## TASK DIRECTIONS
Starting at the first line of the entries below, restate each line exactly until you reach the line with "Norfolk Modern Travel Poster", and print that one too. Leave the pictures out and stop there.

-------- INPUT FOR THIS TASK

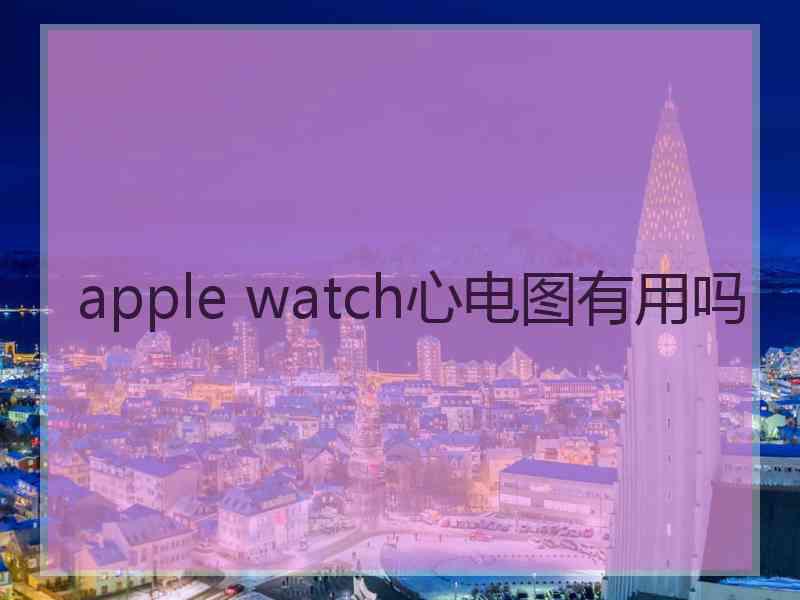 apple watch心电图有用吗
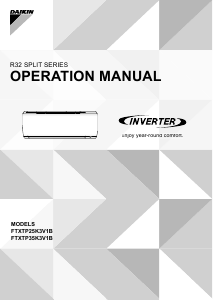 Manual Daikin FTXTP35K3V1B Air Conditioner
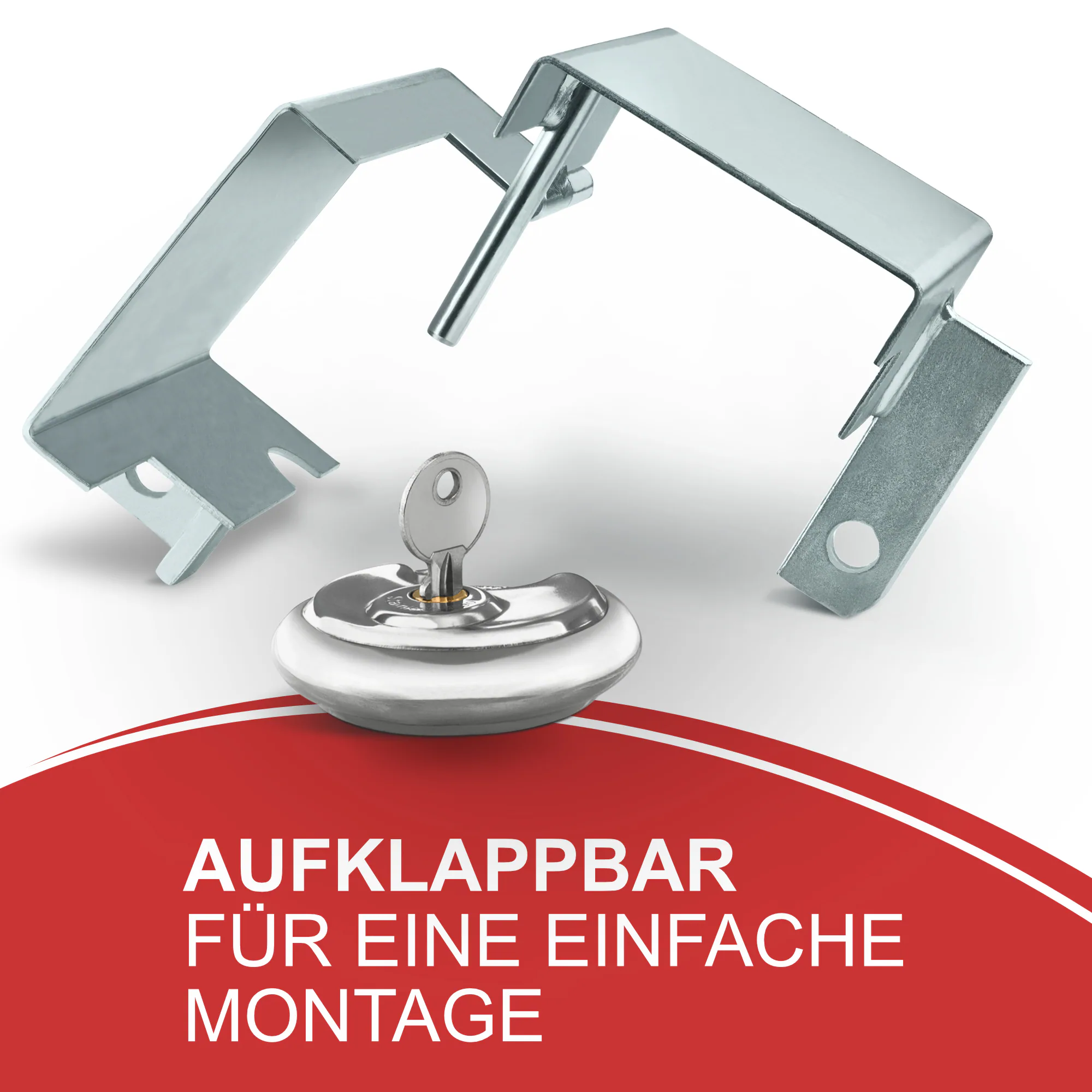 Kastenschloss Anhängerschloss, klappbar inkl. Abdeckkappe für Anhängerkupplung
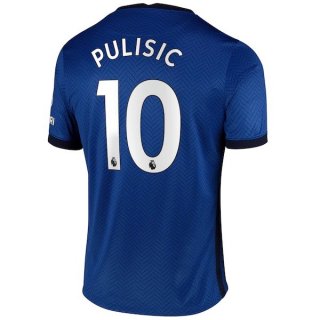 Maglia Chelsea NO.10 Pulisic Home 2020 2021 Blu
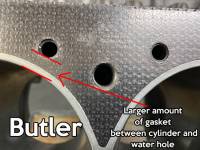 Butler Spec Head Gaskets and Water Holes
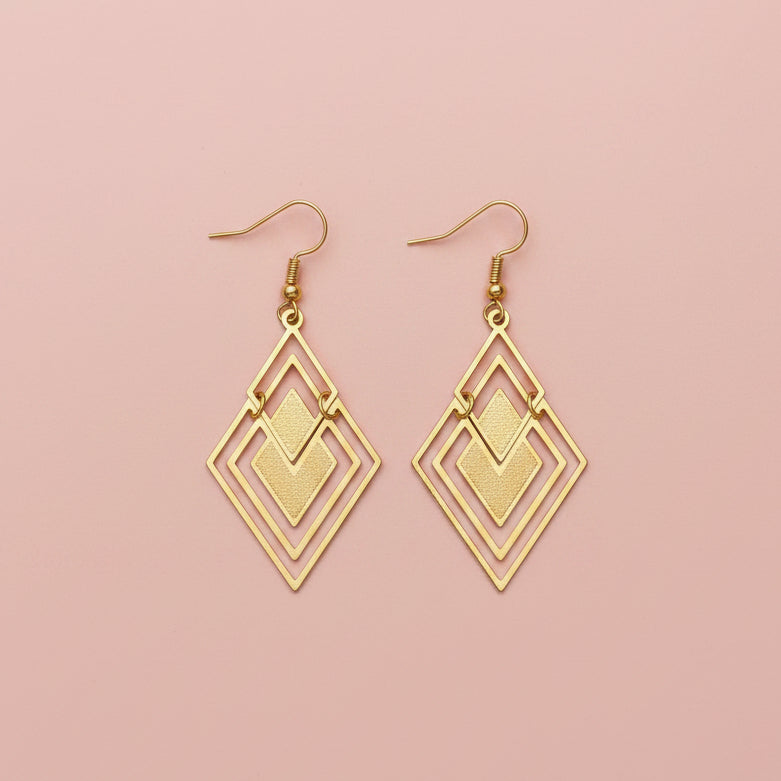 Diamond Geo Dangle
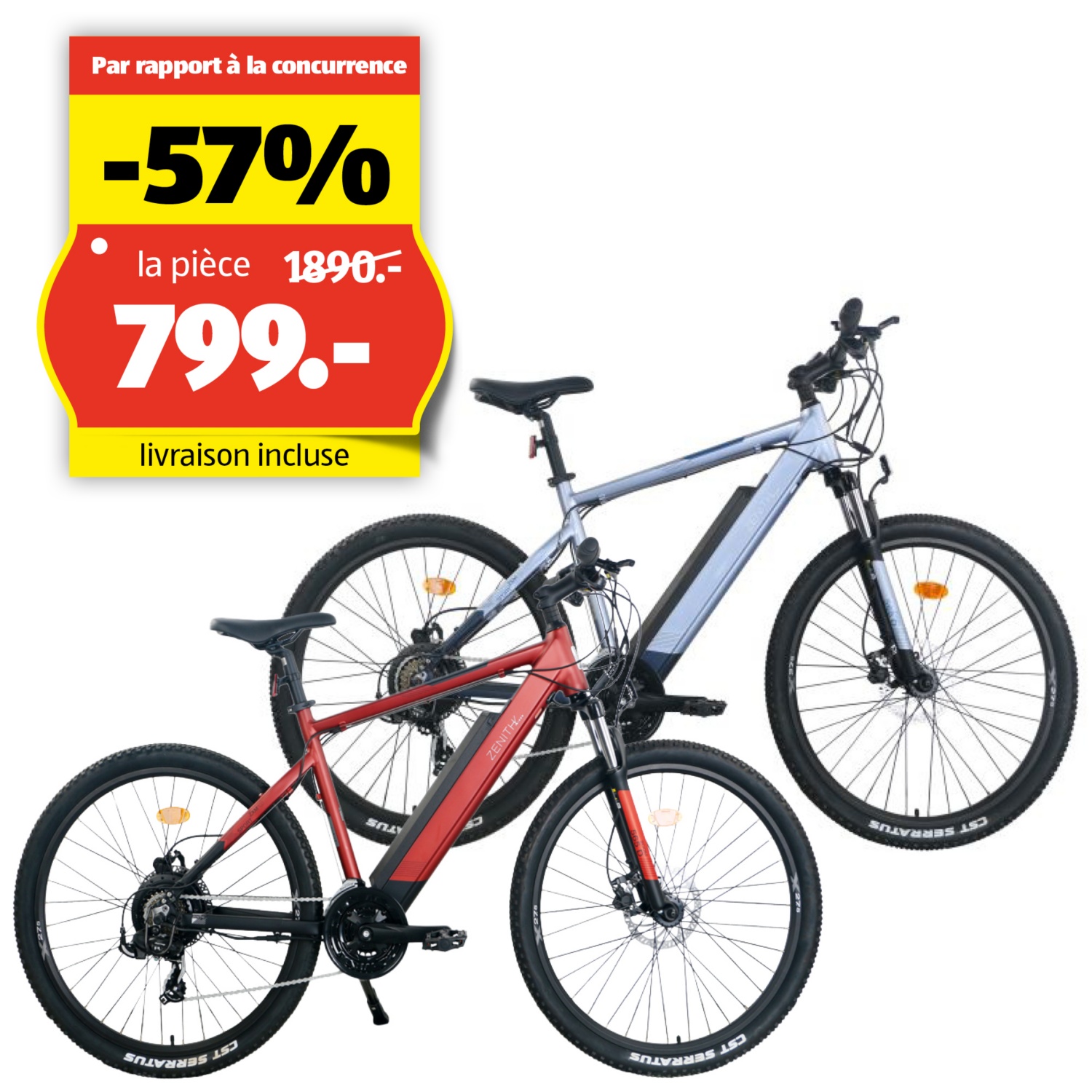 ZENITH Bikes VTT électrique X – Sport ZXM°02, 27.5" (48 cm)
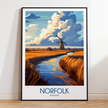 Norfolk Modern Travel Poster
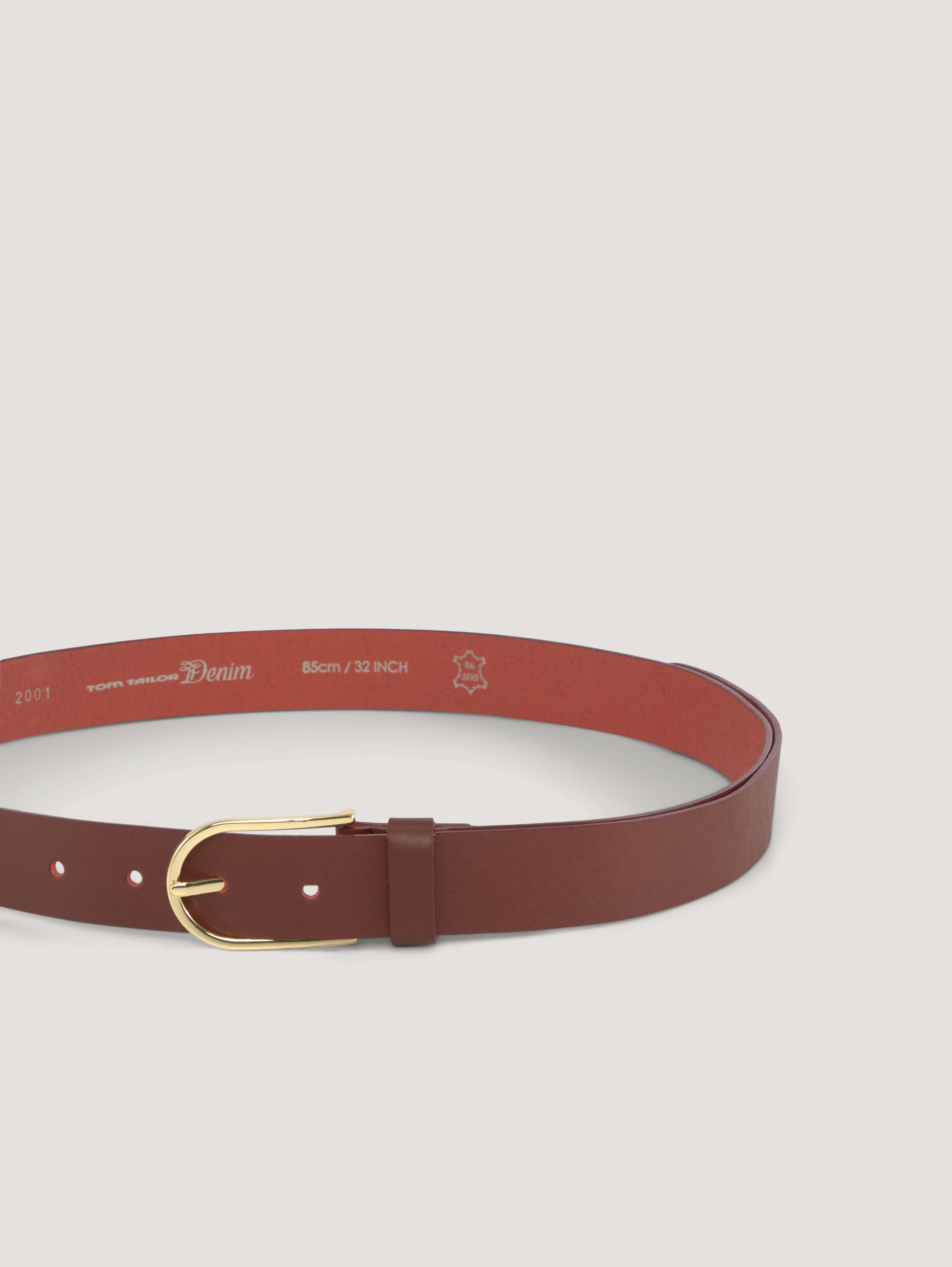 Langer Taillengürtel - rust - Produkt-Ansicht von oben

----------------

## WRITTEN ANSWER
 apple watch心电图有用吗
 Manual Daikin FTXTP35K3V1B Air Conditioner
 Kastenschloss Anhängerschloss, klappbar inkl. Abdeckkappe für Anhängerkupplung
 Maglia Chelsea NO.10 Pulisic Home 2020 2021 Blu
 Butler Spec Head Gaskets and Water Holes
 Diamond Geo Dangle
 ZENITH Bikes VTT électrique X – Sport ZXM°02, 27.5" (48 cm)
 Norfolk Modern Travel Poster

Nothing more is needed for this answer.